I think this is wrong since in abstract index notation we usually rise indices with the metric and then use the covariant derivative which is not always 0!
Could someone clarify this to me by using "index-free" point of view versus abstract index notation?

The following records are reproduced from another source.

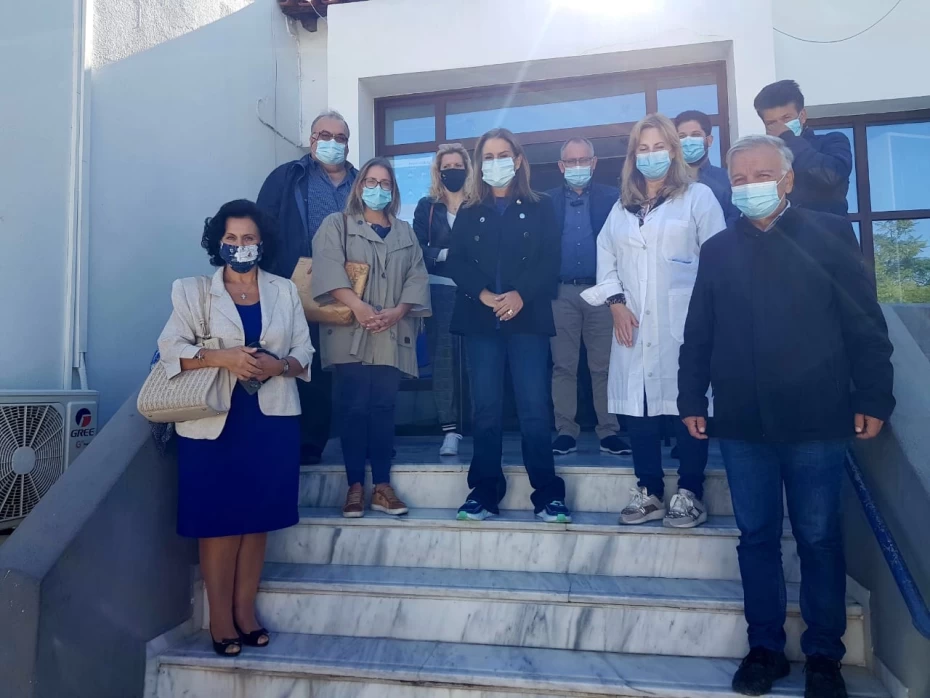 Επίσκεψη Υφυπουργού Υγείας Ζωής Ράπτη στο ΚΥ Καρλοβάσου και στο Δήμο Δυτικής Σάμου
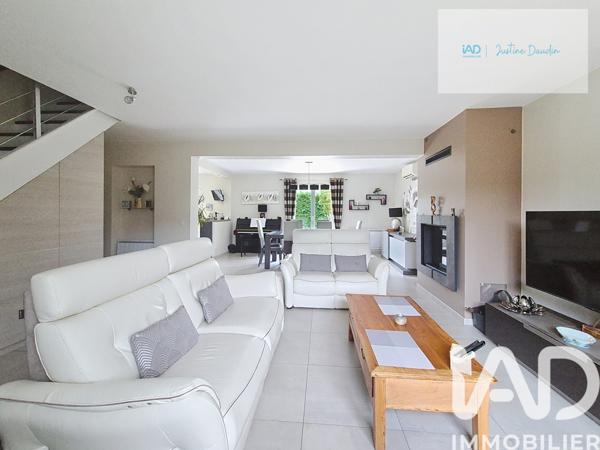 Maison à vendre 6 pièces 145 m² Saint-Fargeau-Ponthierry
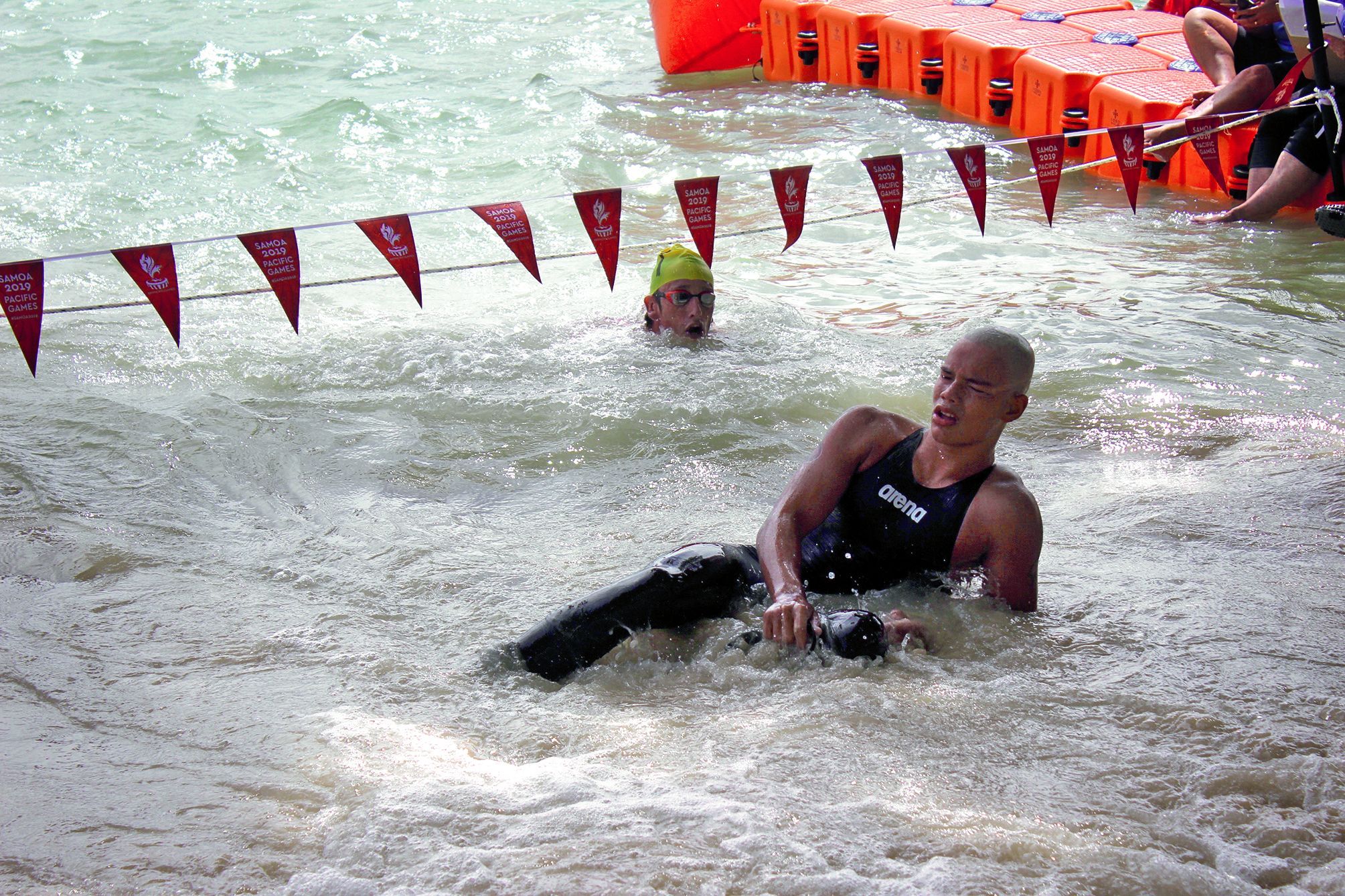 Hugo Savignac (allongé) et Benoît Rivière (bonnet jaune), exténués à l’arrivée.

For any vector field $Y$, we obtain a covector field (i.e. one-form) $\eta$ given by $\eta(Z) = g(Y, Z)$. What you call $\nabla_Xg(Y, -)(Z)$ is precisely $(\nabla_X\eta)(Z)$. Using the identity in your question, we see that
\begin{align*} (\nabla_X\eta)(Z) &= \nabla_X(\eta(Z)) - \eta(\nabla_XZ)\\ &= \nabla_X(g(Y, Z)) - g(Y, \nabla_XZ)\\ &= g(\nabla_XY, Z) + g(Y, \nabla_XZ) - g(Y, \nabla_XZ)\\ &= g(\nabla_XY, Z) \end{align*}
where we have used implicitly the fact that $\nabla g = 0$ if and only if $\nabla_X(g(Y, Z)) = g(\nabla_XY, Z) + g(Y, \nabla_XZ)$ for all vector fields $X, Y,$ and $Z$ - see this question.
So we see that $(\nabla_X\eta)(Z) = 0$ if and only if $g(\nabla_XY, Z) = 0$. Furthermore, $\nabla_X\eta = 0$ if and only if $\nabla_XY = 0$.